One aspect that has helped TNB make its gains has been the degree of employee experience. Many, if not most, of the card service employees have been with the firm for years and the lower turnover has meant the entire firm accomplishes goals more efficiently. Even a section with notoriously high turnover, like the call center, has a turnover rate that is remarkably lower than the industry average. “We try to make this a fun place to work,” Savage said, “and we emphasize the member service aspects of what we do, that is part of what makes us different.” These differences came to the fore in the wake of Hurricane Katrina, Savage said, when credit unions that were knocked out of commission authorized TNB to handle their members' card requests and, in many cases, it was the TNB call center workers who provided a helping hand to members who were in dire circumstances after the storms.

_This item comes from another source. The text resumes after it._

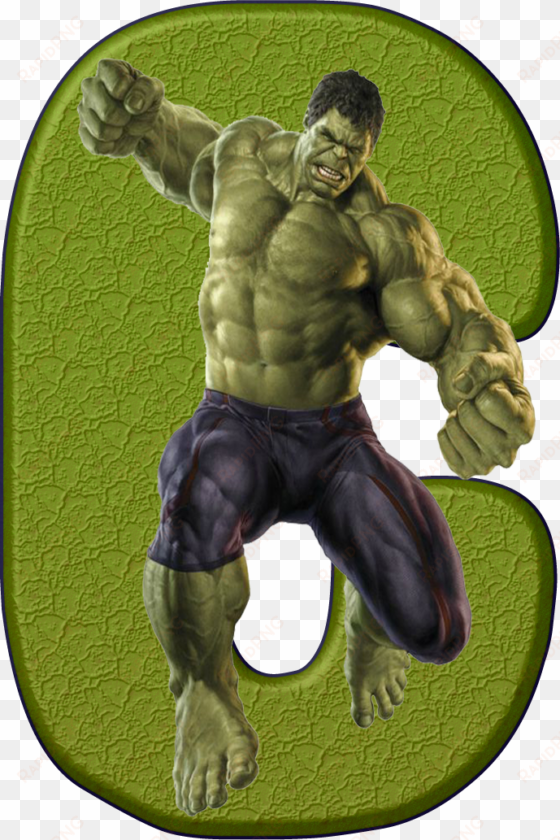 *✿**✿*hulk*✿**✿* - - c - marvel's avengers: age of ultron: hulk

Those calls, Savage said, required TNB to deploy the two chaplains it has on staff to help staff process and address issues that arise from some of the member service calls they take.

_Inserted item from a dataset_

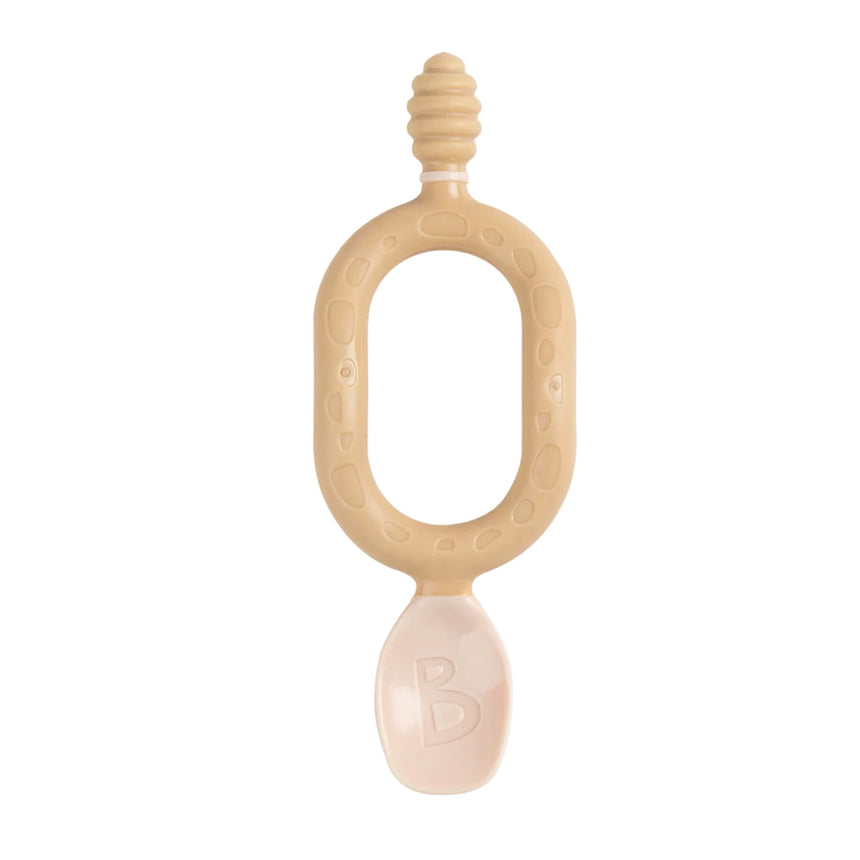 BDO-BIB217_B.JPG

Of course all of this would be for naught if credit unions get out of the card issuing business overall, chased out by fears of card fraud expenses or card expenses generally. This is a fear of Rollie Penn's, a senior vice president with TNB who develops new products and services for credit union card programs and who keeps an eye on industry trends.

Penn takes the view that card fraud losses, while expensive, need to be seen in the light of the revenue card programs make for their credit unions as well as being the vehicles for strengthening the member relationship.

“I am not trying to downplay the importance of card fraud losses,” Penn said. “I just want to make sure credit unions hold to the long view too and keep everything in perspective.” –[email protected]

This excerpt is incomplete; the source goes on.